Holy crap! The dollar is getting spanked and commodities—primarily oil (up 3% today) are skyrocketing in a dynamic bounceback from the last two weeks of hammering (profit-taking).
There is no real news that is fueling the markets. This is simply the first bounce from the first correction that broke the latest breakout. The December breakout was broken and technically failed. That was the first time that occurred since July. So traders and investors began to “gird their loins” for the pullback to SPX 1040 then 1000 then 960. But it doesn’t work that way, son.
As we marginally broke the key 1080 area on the SPX, we figured on a marginal breakdown and then a recovery to the upper portion of our trading range, at DOW 10500, SPX 1120 and Nasdaq COMP 2225. That is why we reco’d a financial Goldman Sachs Group, Inc. [[GS]] , a material Century Aluminum Company [[CENX]] and a semi-capital equipment stock Kulicke and Soffa Industries Inc. [[KLIC]] . And we remain short eBay Inc. [[EBAY]] .

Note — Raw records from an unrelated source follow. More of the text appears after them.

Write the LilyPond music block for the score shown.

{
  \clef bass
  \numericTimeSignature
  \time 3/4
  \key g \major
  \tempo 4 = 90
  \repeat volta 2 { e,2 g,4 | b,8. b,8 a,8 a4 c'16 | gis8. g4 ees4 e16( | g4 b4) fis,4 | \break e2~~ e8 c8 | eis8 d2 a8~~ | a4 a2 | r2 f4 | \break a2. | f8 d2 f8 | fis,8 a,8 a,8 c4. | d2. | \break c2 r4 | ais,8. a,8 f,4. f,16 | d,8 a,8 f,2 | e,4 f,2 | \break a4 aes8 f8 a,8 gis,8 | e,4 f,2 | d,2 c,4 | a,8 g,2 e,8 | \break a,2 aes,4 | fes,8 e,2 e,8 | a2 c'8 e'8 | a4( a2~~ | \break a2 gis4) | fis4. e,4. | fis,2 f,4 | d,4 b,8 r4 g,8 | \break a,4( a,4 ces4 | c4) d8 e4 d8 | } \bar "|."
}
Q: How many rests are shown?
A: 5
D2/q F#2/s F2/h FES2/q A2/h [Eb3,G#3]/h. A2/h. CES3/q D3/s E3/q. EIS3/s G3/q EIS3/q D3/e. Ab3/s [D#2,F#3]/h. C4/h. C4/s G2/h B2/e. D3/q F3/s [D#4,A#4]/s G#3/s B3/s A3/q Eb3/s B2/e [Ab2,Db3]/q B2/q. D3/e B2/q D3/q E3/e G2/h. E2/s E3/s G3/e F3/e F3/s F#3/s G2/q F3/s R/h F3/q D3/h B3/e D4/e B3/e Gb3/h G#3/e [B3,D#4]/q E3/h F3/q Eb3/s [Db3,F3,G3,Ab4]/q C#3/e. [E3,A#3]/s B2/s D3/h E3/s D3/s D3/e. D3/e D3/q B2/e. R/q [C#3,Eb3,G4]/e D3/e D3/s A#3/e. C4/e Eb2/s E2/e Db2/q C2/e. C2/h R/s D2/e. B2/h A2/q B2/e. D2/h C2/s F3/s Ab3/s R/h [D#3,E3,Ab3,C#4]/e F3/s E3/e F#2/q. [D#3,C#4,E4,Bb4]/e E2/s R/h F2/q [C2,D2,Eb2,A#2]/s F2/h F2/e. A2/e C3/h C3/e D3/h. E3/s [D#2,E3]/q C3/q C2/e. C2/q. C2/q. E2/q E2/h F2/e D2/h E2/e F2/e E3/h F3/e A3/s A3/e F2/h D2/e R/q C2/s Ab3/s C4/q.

We are profitable on all four positions, an average of 4%. Seems like chump change, but not bad for a couple of days. Quite franky, I’m not looking to hit home runs. Just single and doubles. All day long. Don’t forget to keep your stops at the appointed levels.
You should be looking at General Electric Company [[GE]] of all things. The low 17’s is a monster breakout for the stock.